For everything else this plant needs day to day, see the full cushion thrift care brief and its watering schedule — a stressed, badly watered plant rarely has the energy to flower at all.

Cushion Thrift blooming — frequently asked questions

Why won't my cushion thrift flower?

Cushion Thrift blooms on the season's growth given enough sun, warmth and the right feed — there is no cold or photoperiod trick, just good growing conditions and a bloom-leaning feed. The most common reason it is not happening: Too little sun — most of these need full sun (or very bright light) to flower well; shade gives leaves, not blooms.

How do I make cushion thrift bloom?

Give cushion thrift the sunniest spot you have — for most bedding and fruiting plants, more direct light directly means more flowers. Move off high-nitrogen feeds and use a higher-potassium "bloom" or tomato-type feed as it comes into flower.
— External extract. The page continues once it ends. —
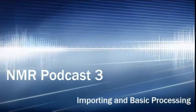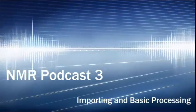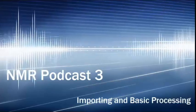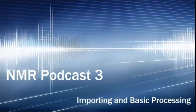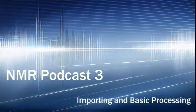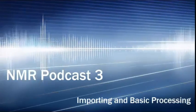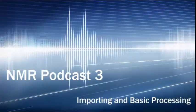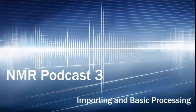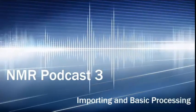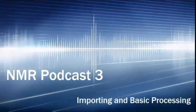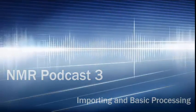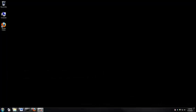Once the NMR has finished my experiments, I automatically receive an email containing my data. This podcast will show you how to extract that data from your email and open it in TopSpin, which is our NMR software. I'll also show you how to do basic processing of your spectrum.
When does cushion thrift normally bloom?

Cushion Thrift flowers across its growing season (mostly summer) and, kept fed and deadheaded, can bloom for many weeks or right up to frost.

What should I do with cushion thrift after it flowers?

Deadhead, keep feeding lightly, and many will rebloom; collect seed from the best plants at the end of the season if you want to grow them again.

What is the single biggest mistake stopping cushion thrift flowering?

Feeding cushion thrift a high-nitrogen general feed and growing it in too little sun — you get a big leafy plant and almost no flowers.